Volvo S90 long-term test review
The Volvo S90 is an all-new luxury saloon built to take on some of the most accomplished cars on sale. We’ve added one to our long-term test fleet to find out what it’s like to live with...
- The car: Volvo S90 D4 Momentum
- Run by: Steve Huntingford, editor
- Why it's here: To see if Volvo has built a genuine alternative to luxury saloons from the likes of Audi, BMW, Jaguar and Mercedes
- Needs to: Offer outstanding comfort and refinement, a sumptuous interior and low fuel consumption
Price £33,865 Price as tested £40,585 Miles covered 1966 Official economy 64.2mpg Test economy 39.2mpg Options fitted Head-up display (£750), 18in alloy wheels (£700), metallic paint (£700), electric driver’s seat with memory (£600), IntelliSafe Surround Pack (£600), Keyless Drive (£575), Volvo On Call with app (£550), Winter Pack (£525), electric passenger seat (£400), rear parking camera (£400), TFT driver’s information display (£400), smartphone integration (£300), Dark Flame Birch inlays (£220)
20 June 2017 – first report
Safe; sensible; square; Swedish.
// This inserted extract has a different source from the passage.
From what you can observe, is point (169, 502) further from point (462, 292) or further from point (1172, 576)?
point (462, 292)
There are a lot of ‘S’ words that people associate with Volvo, but stylish and sexy aren’t among them. Or at least, they haven’t been traditionally. The new S90, however, shows just how dramatically the company’s design department has changed direction, because it’s one of the best-looking luxury saloons on sale today.
I remember seeing the Concept Estate that Volvo displayed at the 2014 Geneva motor show and thinking that as striking as it was, this was largely down to it being wider than it was long, so it could never go on sale. And yet the front-end of that concept has been incorporated onto the sensibly proportioned S90 without losing any of the drama.
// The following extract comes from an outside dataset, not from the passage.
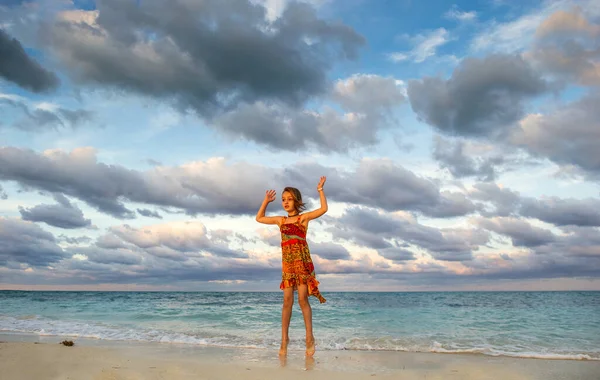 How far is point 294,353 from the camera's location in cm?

It’s not just the exterior that’s easy on the eye, either. The S90’s dashboard is dominated by a large touchscreen that has let Volvo slash the number of buttons and create a modern, minimalist ambience that’s refreshingly different from anything in German rivals.
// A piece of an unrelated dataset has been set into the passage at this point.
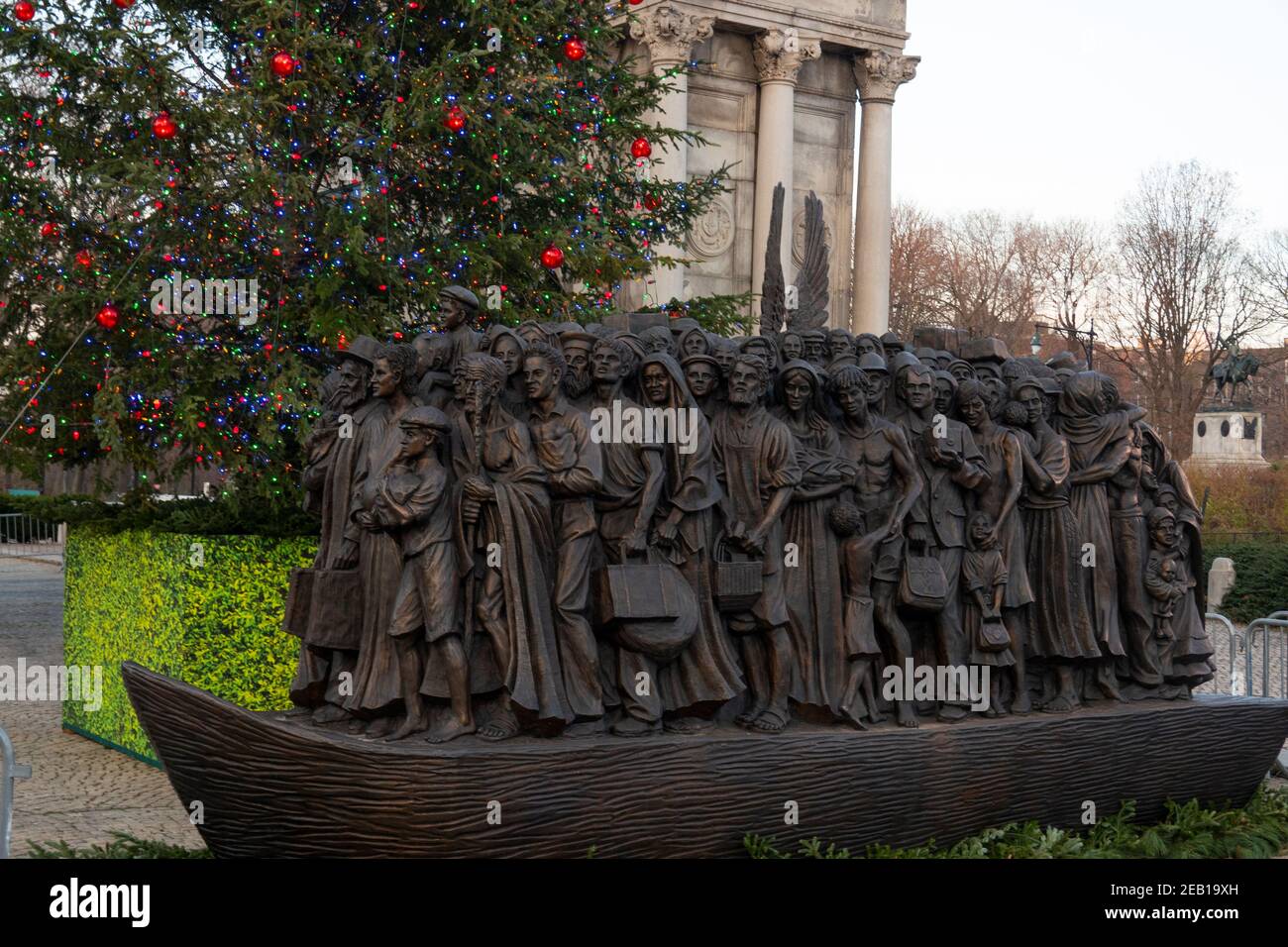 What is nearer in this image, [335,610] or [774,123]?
[335,610]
Unfortunately, while the idea of a screen that lets you swipe, pinch and scroll as you do with your iPad sounds good in theory, in reality I’m finding it makes simple tasks like changing the radio station or the temperature quite difficult on the move. This would be less of a problem if the voice control wasn’t so hit and miss – although, to be fair, it’s no worse than the system in the Audi A4 that I ran previously.
More positively, the quality of the materials in our entry-level Momentum-spec car is so good that when it first arrived I assumed Volvo had accidentally delivered a range-topping Inscription model instead. And while I often suffer from back ache while driving, the S90’s seats are fantastically supportive, so even after a few hours behind the wheel I remain pain-free.
The suspension set-up also puts comfort first, wafting you along at motorway speeds and coping reasonably well with patched-up urban roads. In fact, our long-term test car seems to ride better than early examples of the S90 that we tried, suggesting Volvo engineers have continued to fine-tune the mechanicals since its launch.
It’s a similar story when it comes to refinement. The diesel engines in the first S90s we tested sounded gruff and transmitted quite a bit of vibration through the pedals, but there are no such problems in our four-cylinder D4 long-termer. Okay, it’s still not as smooth as the six-cylinder diesels that rivals offer (Volvo doesn’t have one of these), but it is competitive with their four-cylinders, and it’s those that most people choose, thanks to their tax-friendly CO2 emissions.
The only remaining issue that I have with the D4 engine is its real-world fuel economy. When we put it through our True MPG efficiency test last August, it returned a disappointing 39.9mpg, and so far I’m seeing a similar figure. I’m just praying this will improve once the engine is properly run in; I can’t see it getting anywhere near the official average of 64.2mpg, but mid-40s doesn’t seem too much to ask.
Like all S90s, ours comes with a long list of standard equipment, including leather upholstery, sat-nav, Bluetooth, and a DAB radio. And it doesn’t stop there: a powered boot lid, keyless start and rear parking sensors are also included, as is adaptive cruise control with an autopilot feature that helps you steer the car in city traffic.
Volvo also offers a long list of options, many of which you can do without. But I would recommend the Intellisafe Surround Pack (£600), which includes blind spot and cross traffic monitoring, and the head-up display (£750), which projects road sign information, following-distance alerts, sat-nav instructions and your current speed onto the windscreen, so you can your keep your eyes on the road most of the time.
Despite the odd weakness, then, the new S90 looks like a genuine threat to Germany’s hegemony of the luxury saloon market – something you could never have said about any of Volvo’s previous efforts. Over the next few months we’ll be seeing what the S90 is like to live and if this strengthens or weakens the case for choosing one. If it’s the former, it could be seismic.